Span requested from the data below: the line with "The 3rd gas" through the line with "From Chaos to", both included. Give only these lines again, exactly, and leave every picture out.

» **DATA PROVIDED**:
□ □ □
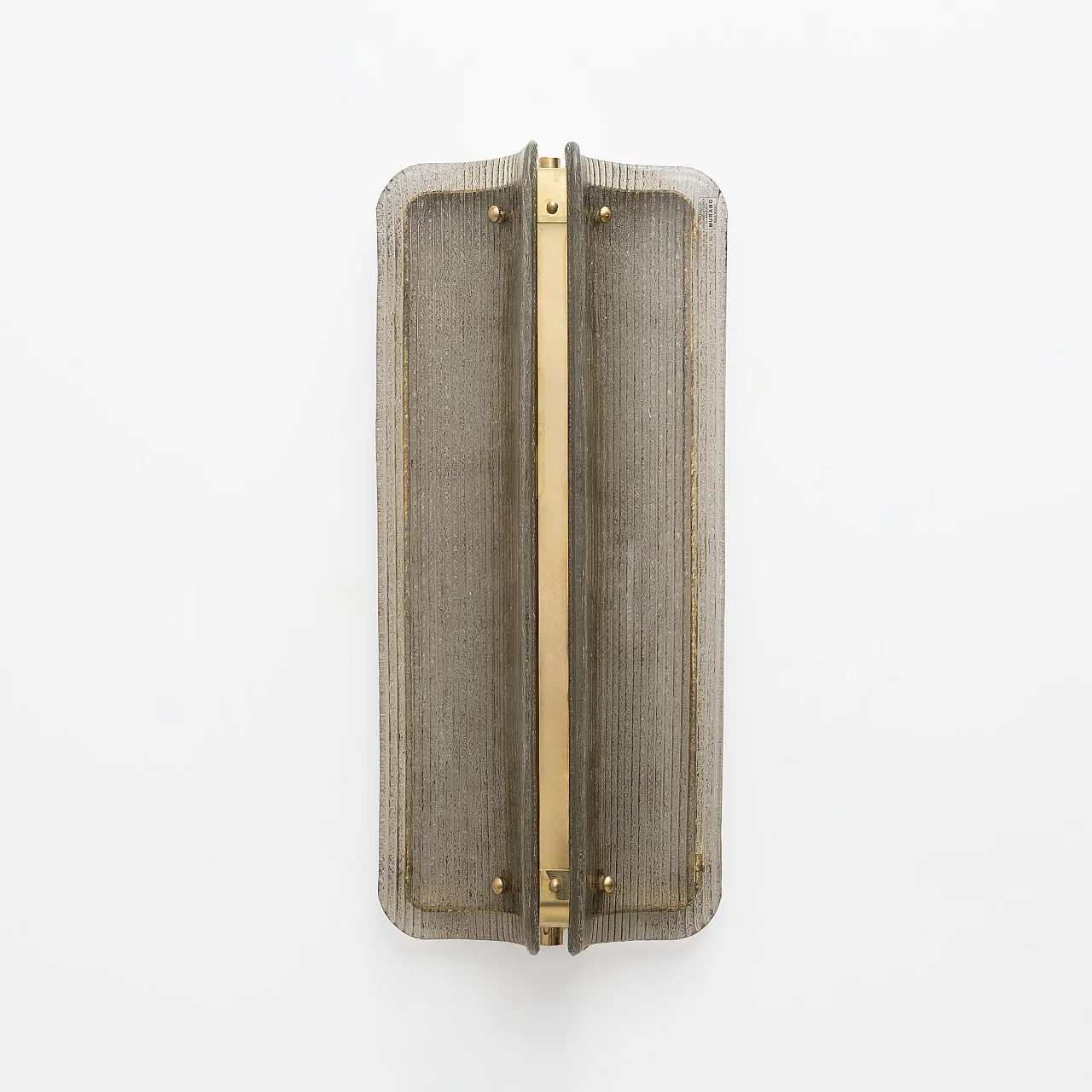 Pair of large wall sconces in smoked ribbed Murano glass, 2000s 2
□ □ □
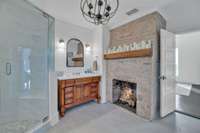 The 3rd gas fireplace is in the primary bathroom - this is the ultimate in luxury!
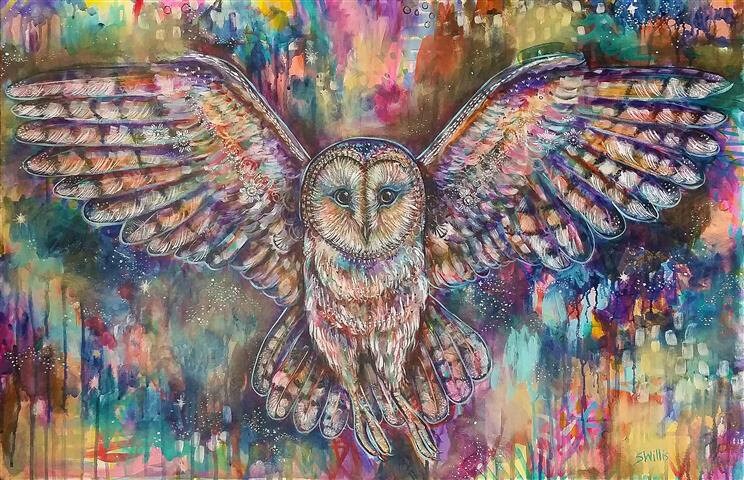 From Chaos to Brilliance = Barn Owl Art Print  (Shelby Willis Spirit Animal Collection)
□ □ □
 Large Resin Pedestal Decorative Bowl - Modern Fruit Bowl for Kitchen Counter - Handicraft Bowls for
□ □ □
» **SOLUTION FOR THIS EXERCISE**:
 The 3rd gas fireplace is in the primary bathroom - this is the ultimate in luxury!
 From Chaos to Brilliance = Barn Owl Art Print  (Shelby Willis Spirit Animal Collection)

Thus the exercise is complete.